Everything in the records below from the line containing "Biology of Crustaceans" through the line containing "Geese — foto 2" is to be reproduced exactly, those two lines included; no picture is to be copied.

Information given:
▽

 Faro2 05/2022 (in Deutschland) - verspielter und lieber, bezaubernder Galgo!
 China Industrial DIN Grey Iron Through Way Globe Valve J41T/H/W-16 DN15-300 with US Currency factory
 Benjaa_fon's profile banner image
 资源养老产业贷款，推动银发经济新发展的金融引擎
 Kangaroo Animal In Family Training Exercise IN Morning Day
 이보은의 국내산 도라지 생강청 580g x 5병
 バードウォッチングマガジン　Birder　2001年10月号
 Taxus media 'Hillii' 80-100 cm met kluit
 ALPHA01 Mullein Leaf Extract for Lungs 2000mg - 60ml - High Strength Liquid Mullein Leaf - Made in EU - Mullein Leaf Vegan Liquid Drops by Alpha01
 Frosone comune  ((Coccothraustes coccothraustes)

△
▽

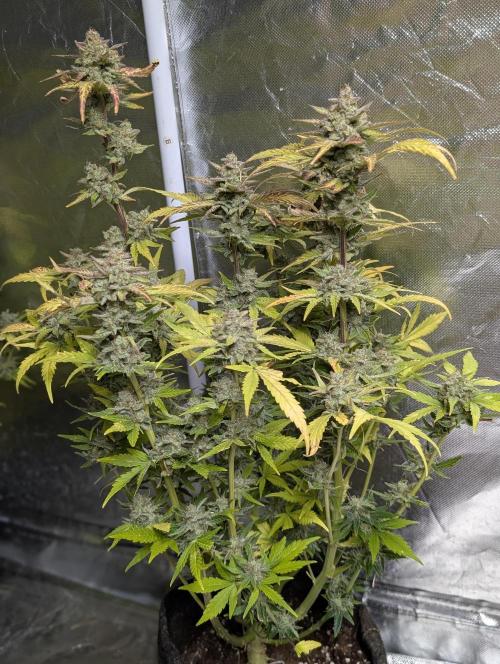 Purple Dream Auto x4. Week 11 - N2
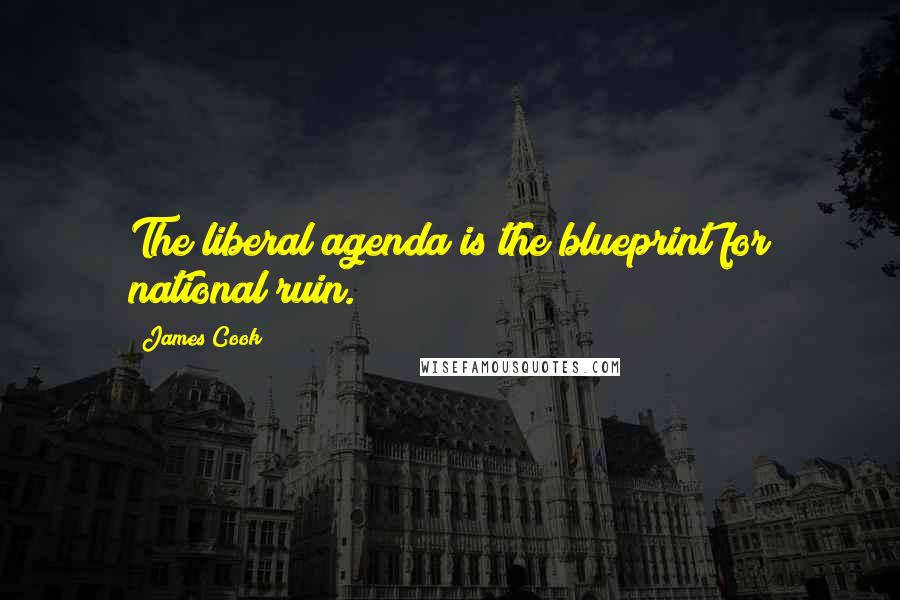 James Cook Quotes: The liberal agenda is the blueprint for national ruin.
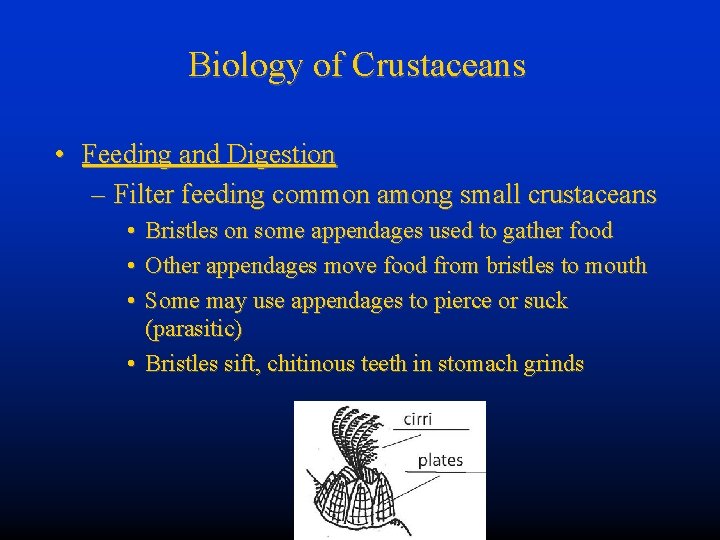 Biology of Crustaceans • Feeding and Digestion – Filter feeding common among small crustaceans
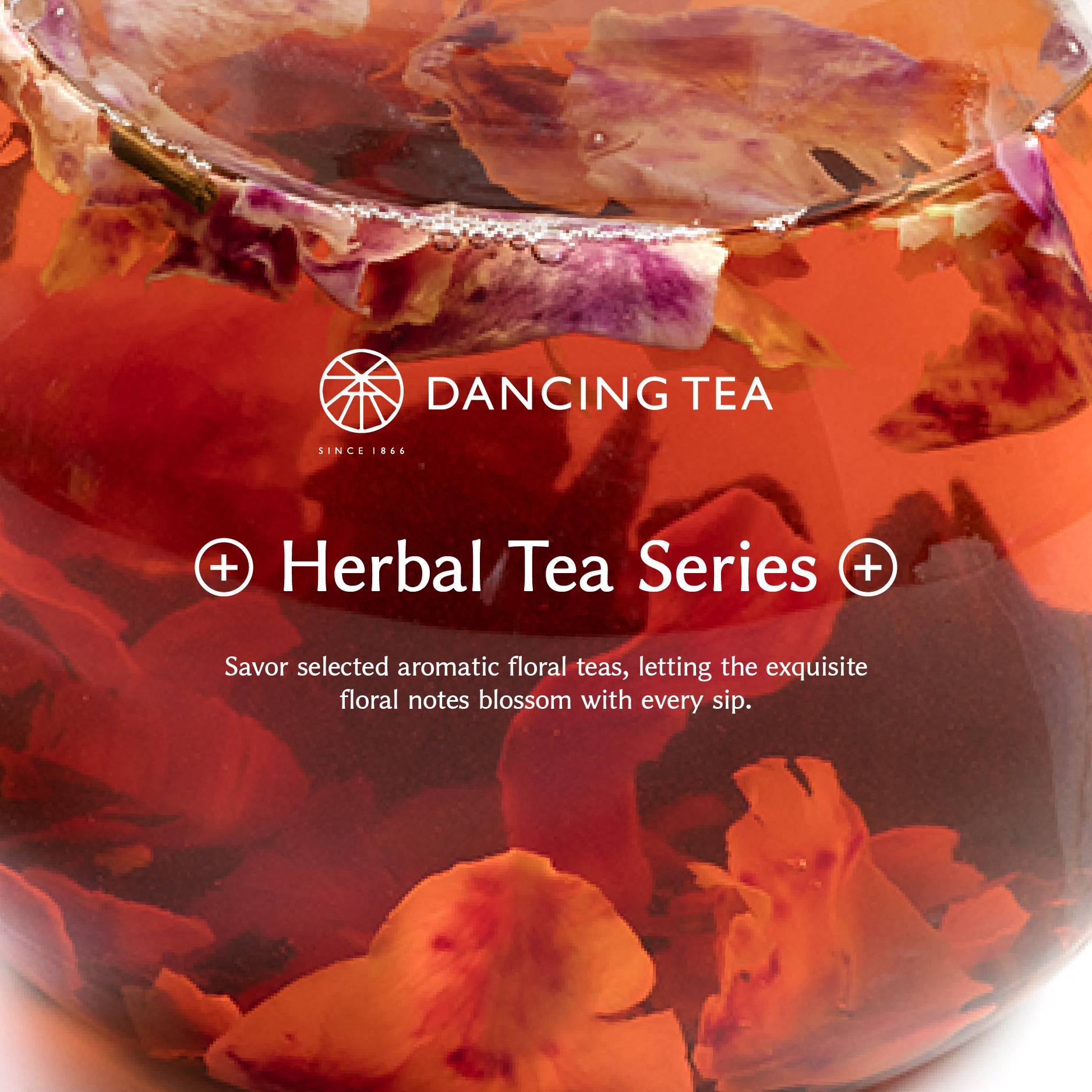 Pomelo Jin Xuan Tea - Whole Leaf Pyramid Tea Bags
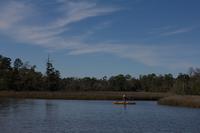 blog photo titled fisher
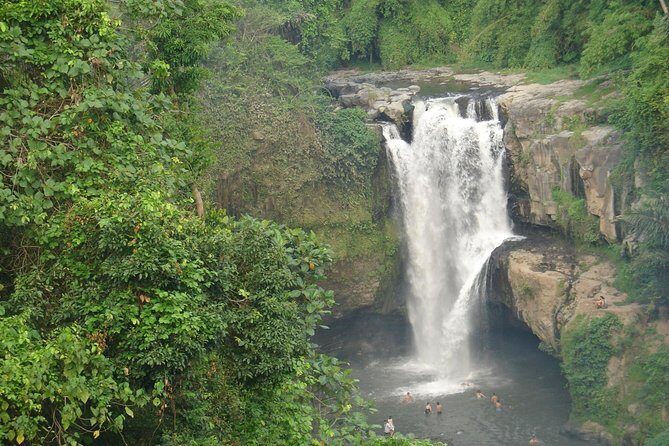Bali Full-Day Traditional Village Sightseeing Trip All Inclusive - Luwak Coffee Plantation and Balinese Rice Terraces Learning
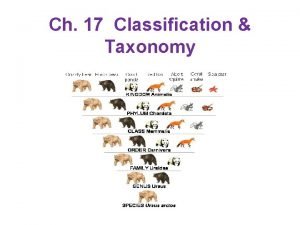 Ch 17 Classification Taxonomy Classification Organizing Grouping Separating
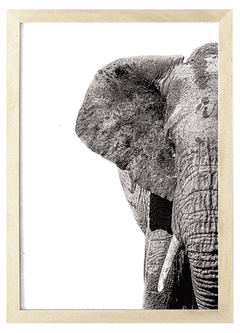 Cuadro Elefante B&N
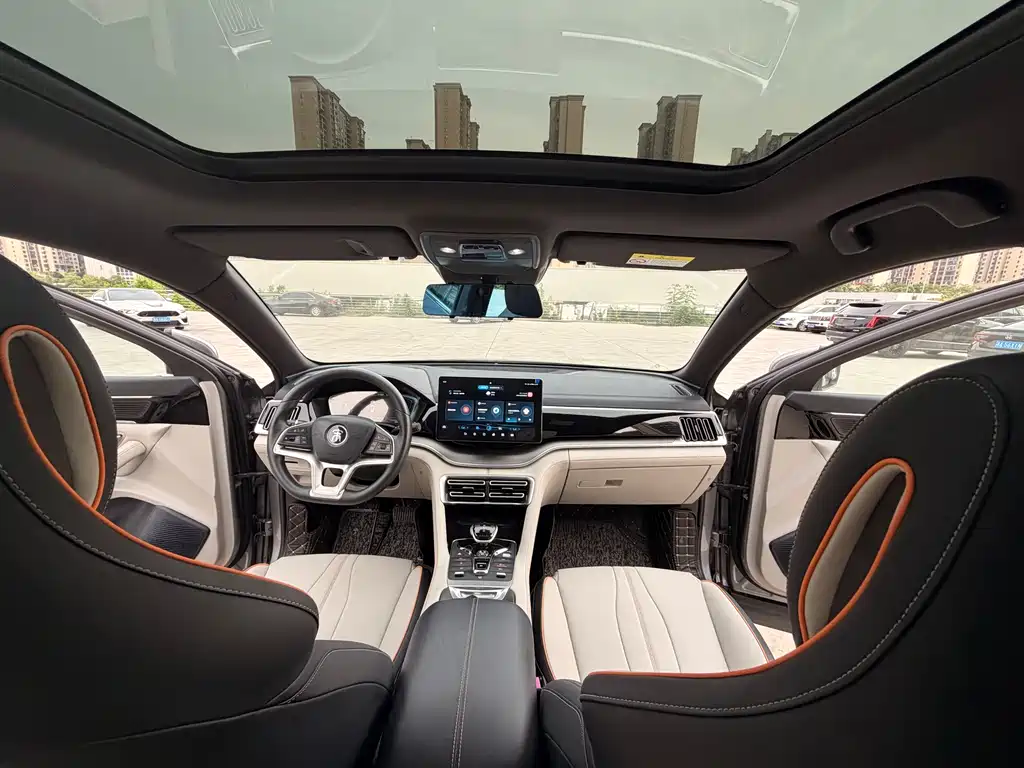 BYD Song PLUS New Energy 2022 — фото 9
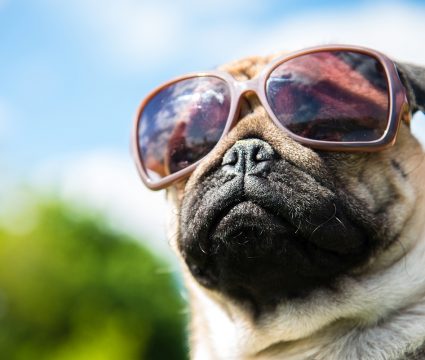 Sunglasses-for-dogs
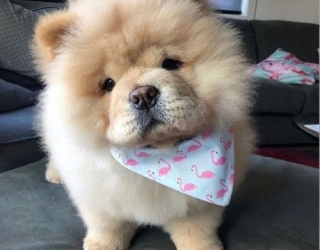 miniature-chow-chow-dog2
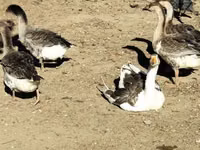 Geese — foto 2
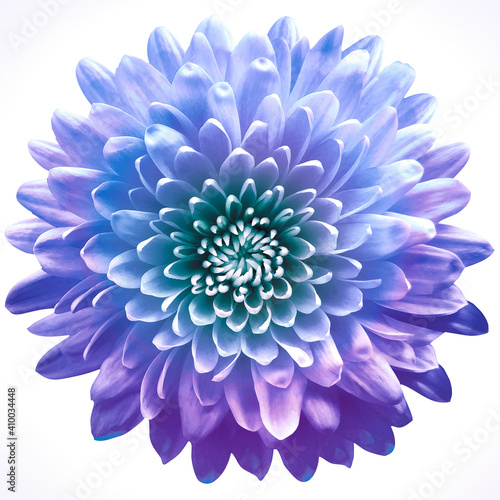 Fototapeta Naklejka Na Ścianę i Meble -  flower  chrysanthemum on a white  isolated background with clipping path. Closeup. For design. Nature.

△
▽

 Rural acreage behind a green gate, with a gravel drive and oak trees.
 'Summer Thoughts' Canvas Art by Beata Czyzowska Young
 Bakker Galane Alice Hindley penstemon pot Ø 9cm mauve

△

Your solution:
 Biology of Crustaceans • Feeding and Digestion – Filter feeding common among small crustaceans
 Pomelo Jin Xuan Tea - Whole Leaf Pyramid Tea Bags
 blog photo titled fisher
Bali Full-Day Traditional Village Sightseeing Trip All Inclusive - Luwak Coffee Plantation and Balinese Rice Terraces Learning
 Ch 17 Classification Taxonomy Classification Organizing Grouping Separating
 Cuadro Elefante B&N
 BYD Song PLUS New Energy 2022 — фото 9
 Sunglasses-for-dogs
 miniature-chow-chow-dog2
 Geese — foto 2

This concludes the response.